Bernie and Pam Britten are a young married couple beginning careers and establishing a household. They will each make about $50,000 next year and will have accumulated about $40,000 to invest. They now rent an apartment but are considering purchasing a condominium for $100,000. If they do, a down payment of $10,000 will be required.
They have discussed their situation with Lew McCarthy, an investment advisor and personal friend, and he has recommended the following investments:
The condominium - expected annual increase in market value = 5%.
Municipal bonds - expected annual yield = 5%.
High-yield corporate stocks - expected dividend yield = 8%.
Savings account in a commercial bank-expected annual yield = 3%.
High-growth common stocks - expected annual increase in market value = 10%; expected dividend yield = 0.

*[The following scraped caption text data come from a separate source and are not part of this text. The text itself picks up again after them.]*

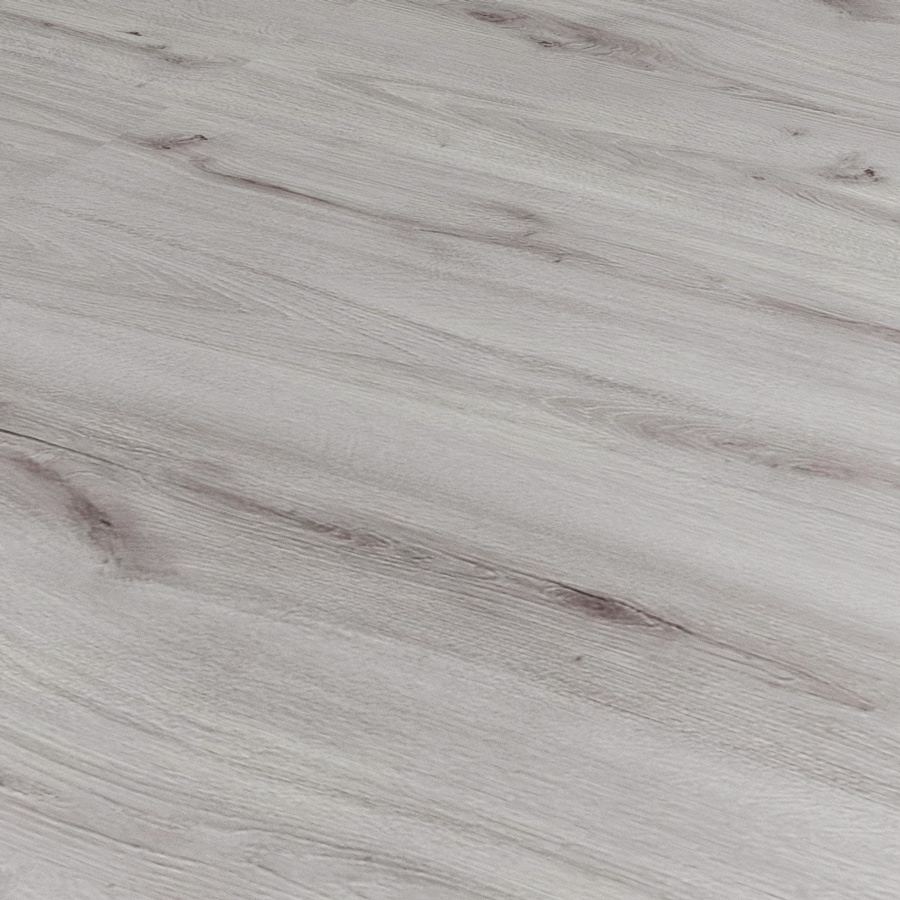 Bella 104 Vegas 31cl  8мм  AGT Турция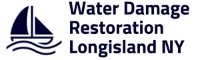 Business Listing Water Damage Restoration and Repair Huntington in Huntington NY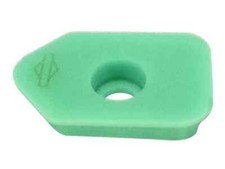 Filtro aria motore Sprint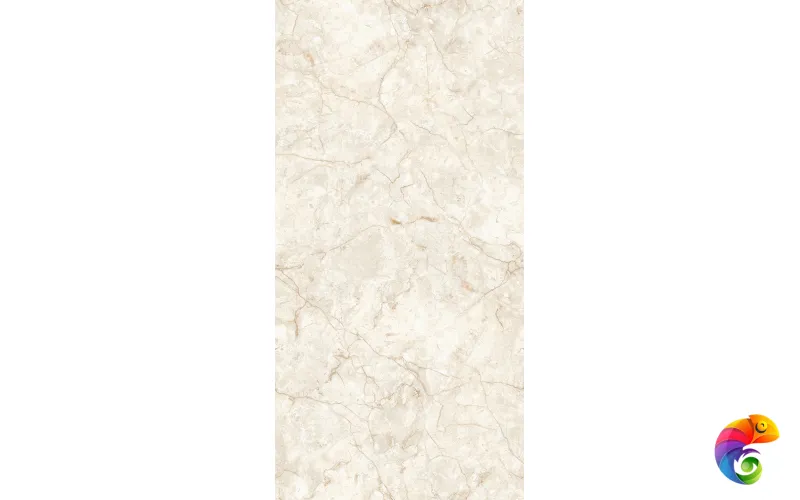 NOVELLE BEIGE 1600x800 CZ-CR04-B
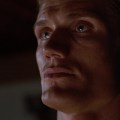 Showdown in Little Tokyo&nbsp;(1991)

Calculate the after-tax yields on the foregoing investments, assuming the Brittens have a 28% marginal tax rate (based on Public Law 108-27, The Jobs and Growth Tax Relief Reconciliation Act of 2003).
How would you recommend the Brittens invest their $40,000? Explain your answ
Three major factors come into play when making investment decisions; 1) after-tax rate of return, 2) Risk, 3) Liquidity. (Liquidity reflects the speed and ability to turn a asset into cash).

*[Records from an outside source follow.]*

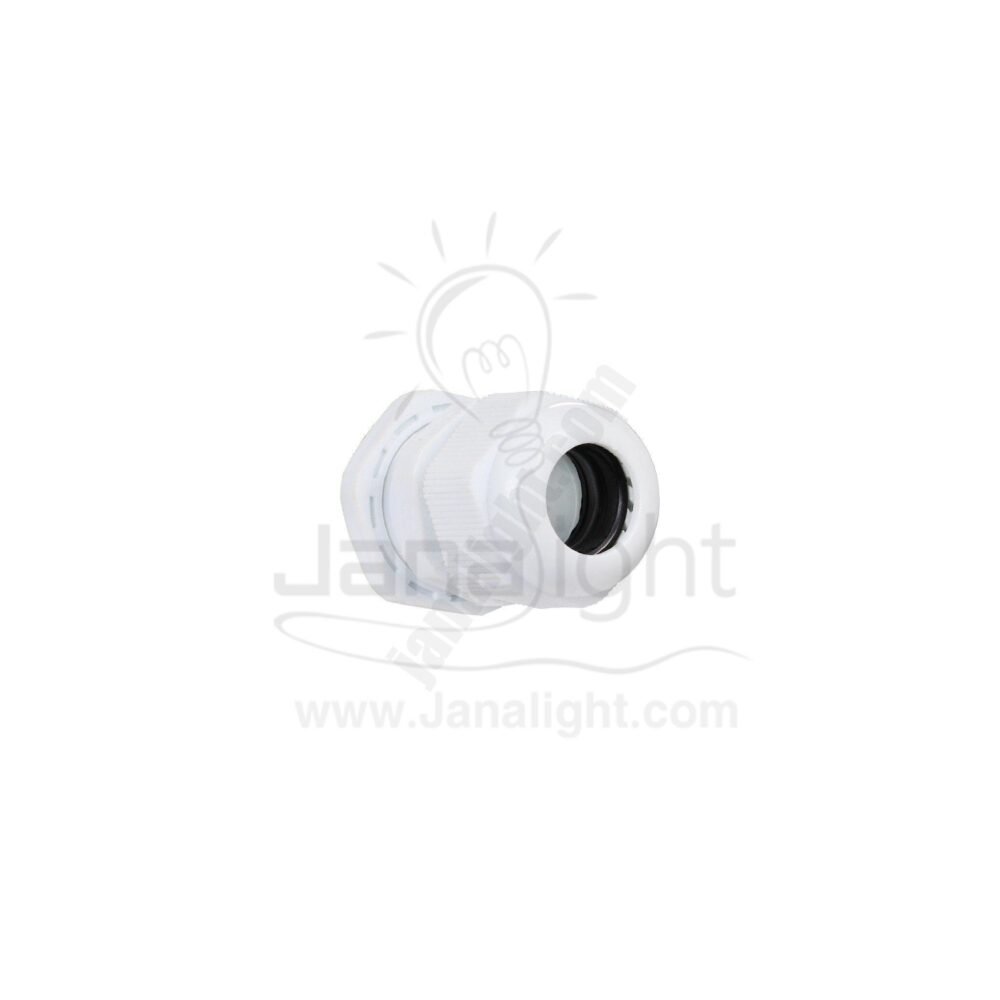 جلاند كابل 25 PG Cable Gland 25 PG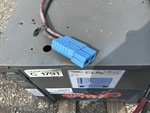Electrical with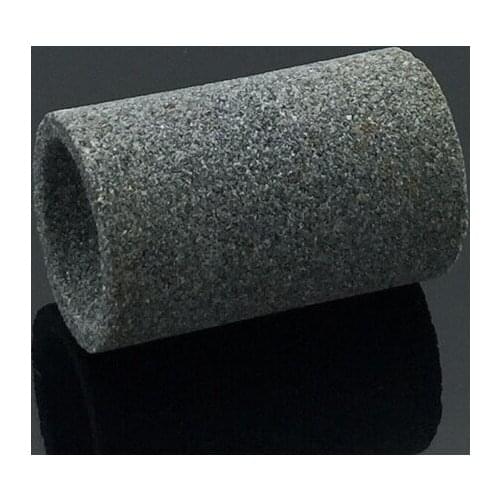 Dart Needle Grinding Stone Needle Millstone Sharpener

Calculate the after-tax rate of return as the rate of return times 1 less the appropriate marginal tax rate. That is ATR=r*(1-t). The current Federal marginal tax rate on capital gains and dividends for the Brittens is 15%. The tax on the gains from the condo can safely assumed to be zero.
So, rates of after tax rates of return:
Condo = 5% (Less if the Brittons itemize their deductions and can deduct their interest expenses).
Munis = 5%
Dividend paying stocks = 8%*(.85)
Saving accounts = 3%*(.72)
Growth stocks = 10%*(.85)
Investment risks
Condo -- medium risk
Munis -- low risk,
Dividend Stocks -- medium-high
Savings accounts -- zero
Growth stocks -- high
Liquidity is best with the savings account. Next are stocks. Munis are generally the same as or worse than stocks. Poorest liquidity is the condo.
Assuming the Britton's current rent is not dirt cheap, and assuming Brittons are not planning to relocate in the near future, the clear winner is buying the Condo with $10,000 down.
The clear loser is the Muni bonds. In my opinion, the lower risk does compensate for the lowest after-tax rate of return.
Mix the other three according to the Britten's stomach for risk and their need for ready cash.
I forgot to add, tax on growth stocks are deferred to the future. So, the after tax rate of return should reflect, in principal, some present-value discounting and expected holding period.